For his ability; for his record; Kane's reputation and profile deserves to be on a level of Neymar, Kylian Mbappe... even Leo Messi and Cristiano Ronaldo. No fair minded fan can reason that Kane's best days deserve to played out in the Eastern European haunts of the Europa League or scrapping for an away point in the hope of a fifth place finish in the Prem.
Two years ago. Even last summer. Kane could reason there was still time for Tottenham to get it together. But he turns 28 in July. A year on he'll be 29. If the move is going to be made, it will have to be this summer.
In past columns, we've argued Kane should stay put. The potential of this Spurs team - and this club - is enormous. But that potential is threatening not to be realised. And with time now catching up, Kane really is facing a watershed moment in his career.

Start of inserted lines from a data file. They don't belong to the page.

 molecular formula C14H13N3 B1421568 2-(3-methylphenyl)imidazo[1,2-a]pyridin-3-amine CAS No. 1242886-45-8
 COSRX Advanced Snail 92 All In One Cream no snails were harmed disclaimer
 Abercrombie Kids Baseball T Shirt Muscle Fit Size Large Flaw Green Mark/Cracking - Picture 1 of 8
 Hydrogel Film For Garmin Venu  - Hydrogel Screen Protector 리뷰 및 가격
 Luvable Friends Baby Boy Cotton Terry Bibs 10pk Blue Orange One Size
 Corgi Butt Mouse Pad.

But it isn't just the England captain who faces a looming juncture. Daniel Levy, the chairman, and the club's prime backer, Joe Lewis, are also facing a crunch summer. And how they react to the offseason market is sure to influence the thinking of their most prized asset.
In the club's favour, as much as some outside insist otherwise, is the presence of the manager. If Kane does decide to press on with Spurs next season, his relationship with Jose Mourinho will have gone a long way from dissuading him to seeking a move away. It's now common knowledge that Kane is 'all in' with Jose, the striker his most loyal - and vocal - ally in the dressing room. Indeed, for some around Spurs Lodge, no-one believes more in Mourinho's methods inside the club and boardroom than their No10.
Mourinho and Kane close as ever
And that's a bonus. Especially for Levy and Lewis. It buys them time. Time to get things right in the market. Spurs bought well in Mourinho's first summer transfer window as manager. Left-back was solved with Sergio Reguilon. The midfield was strengthened with Pierre-Emile Hojbjerg. But there remains gaps in this team. If Mourinho is to fulfil his brief and satisfy the ambitions of Kane and the demands of the board, then the spending of last year must be increased.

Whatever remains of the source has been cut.